__Exercise objective__:
Each record below should be output verbatim, without pictures.

__Records provided__:

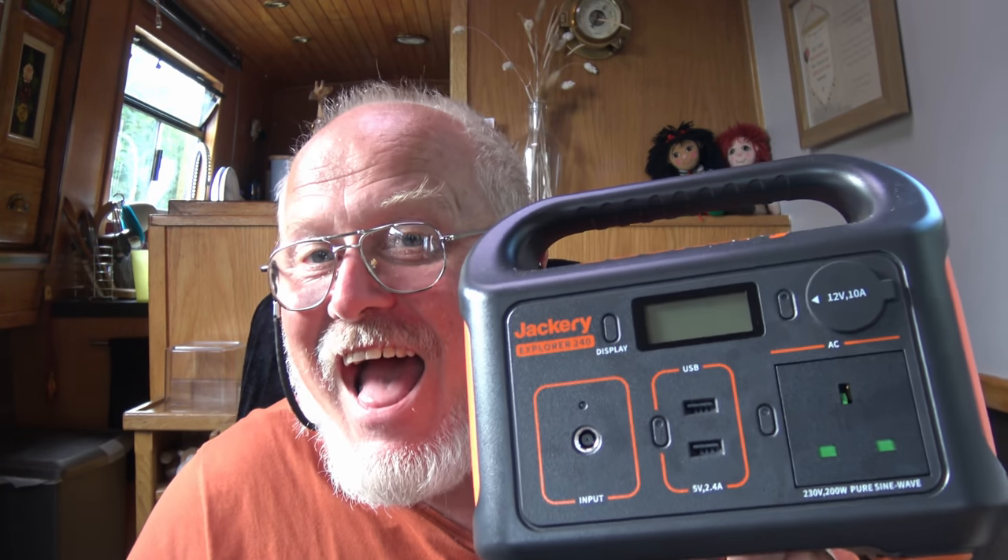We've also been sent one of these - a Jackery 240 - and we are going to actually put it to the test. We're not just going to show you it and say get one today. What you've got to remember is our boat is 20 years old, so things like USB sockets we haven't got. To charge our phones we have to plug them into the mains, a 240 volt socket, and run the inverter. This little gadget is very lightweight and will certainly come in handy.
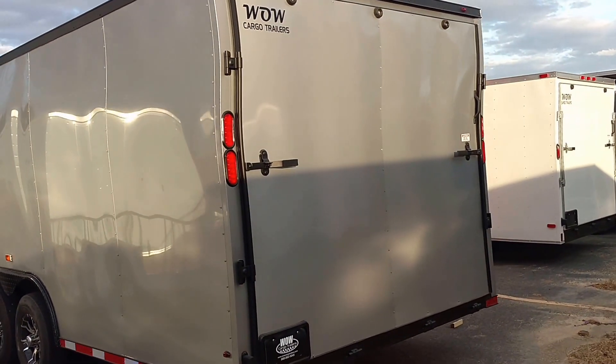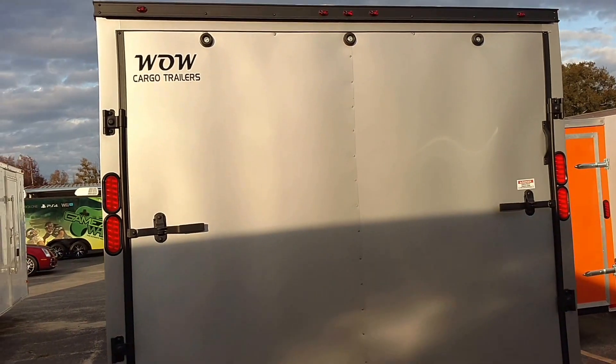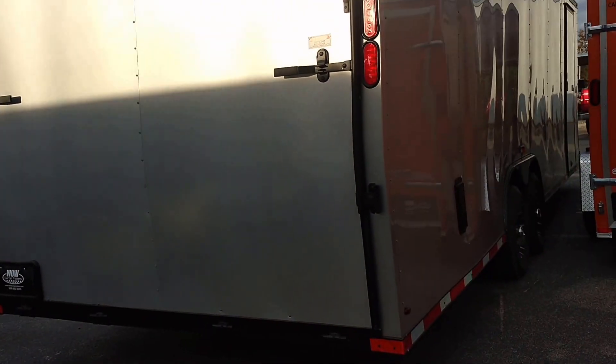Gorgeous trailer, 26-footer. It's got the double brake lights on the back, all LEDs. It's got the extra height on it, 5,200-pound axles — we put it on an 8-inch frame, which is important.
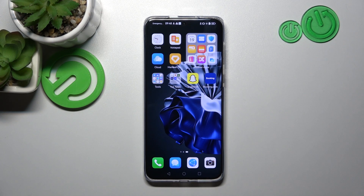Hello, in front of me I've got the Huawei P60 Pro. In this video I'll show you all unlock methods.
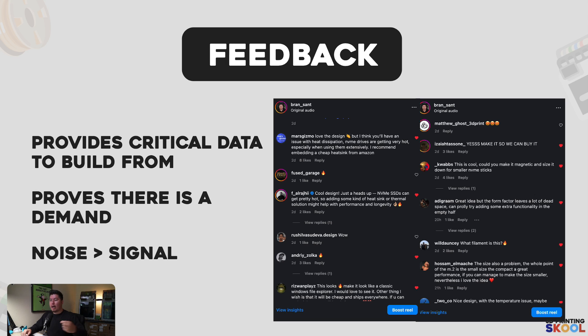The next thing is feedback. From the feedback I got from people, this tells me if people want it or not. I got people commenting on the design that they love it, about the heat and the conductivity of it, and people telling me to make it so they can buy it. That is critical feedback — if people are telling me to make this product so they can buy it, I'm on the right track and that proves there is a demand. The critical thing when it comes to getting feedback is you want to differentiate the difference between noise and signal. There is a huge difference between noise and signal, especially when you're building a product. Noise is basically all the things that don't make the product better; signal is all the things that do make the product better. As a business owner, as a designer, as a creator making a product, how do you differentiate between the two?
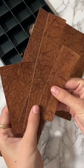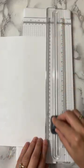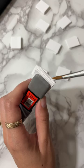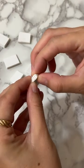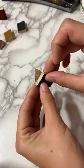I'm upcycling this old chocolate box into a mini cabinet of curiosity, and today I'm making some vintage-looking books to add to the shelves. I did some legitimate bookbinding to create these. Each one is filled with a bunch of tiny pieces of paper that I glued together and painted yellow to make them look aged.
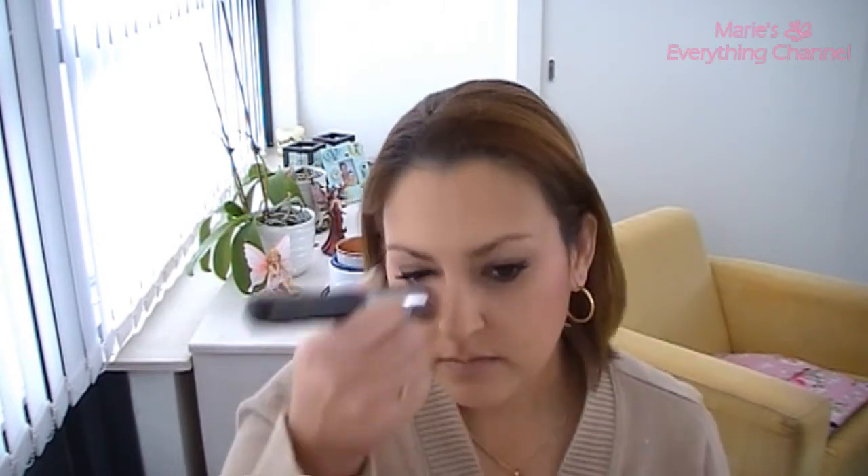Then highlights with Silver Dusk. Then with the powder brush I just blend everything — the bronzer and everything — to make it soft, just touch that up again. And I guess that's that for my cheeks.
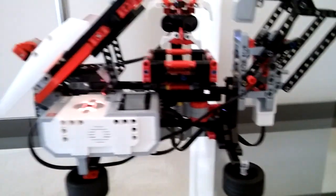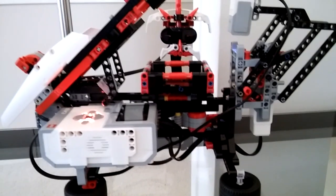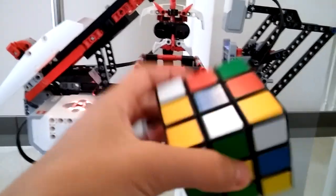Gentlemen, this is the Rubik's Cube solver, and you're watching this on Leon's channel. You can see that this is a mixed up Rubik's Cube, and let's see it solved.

__Solution to this task__:
We've also been sent one of these - a Jackery 240 - and we are going to actually put it to the test. We're not just going to show you it and say get one today. What you've got to remember is our boat is 20 years old, so things like USB sockets we haven't got. To charge our phones we have to plug them into the mains, a 240 volt socket, and run the inverter. This little gadget is very lightweight and will certainly come in handy.
Gorgeous trailer, 26-footer. It's got the double brake lights on the back, all LEDs. It's got the extra height on it, 5,200-pound axles — we put it on an 8-inch frame, which is important.
Hello, in front of me I've got the Huawei P60 Pro. In this video I'll show you all unlock methods.
The next thing is feedback. From the feedback I got from people, this tells me if people want it or not. I got people commenting on the design that they love it, about the heat and the conductivity of it, and people telling me to make it so they can buy it. That is critical feedback — if people are telling me to make this product so they can buy it, I'm on the right track and that proves there is a demand. The critical thing when it comes to getting feedback is you want to differentiate the difference between noise and signal. There is a huge difference between noise and signal, especially when you're building a product. Noise is basically all the things that don't make the product better; signal is all the things that do make the product better. As a business owner, as a designer, as a creator making a product, how do you differentiate between the two?
I'm upcycling this old chocolate box into a mini cabinet of curiosity, and today I'm making some vintage-looking books to add to the shelves. I did some legitimate bookbinding to create these. Each one is filled with a bunch of tiny pieces of paper that I glued together and painted yellow to make them look aged.
Then highlights with Silver Dusk. Then with the powder brush I just blend everything — the bronzer and everything — to make it soft, just touch that up again. And I guess that's that for my cheeks.
Gentlemen, this is the Rubik's Cube solver, and you're watching this on Leon's channel. You can see that this is a mixed up Rubik's Cube, and let's see it solved.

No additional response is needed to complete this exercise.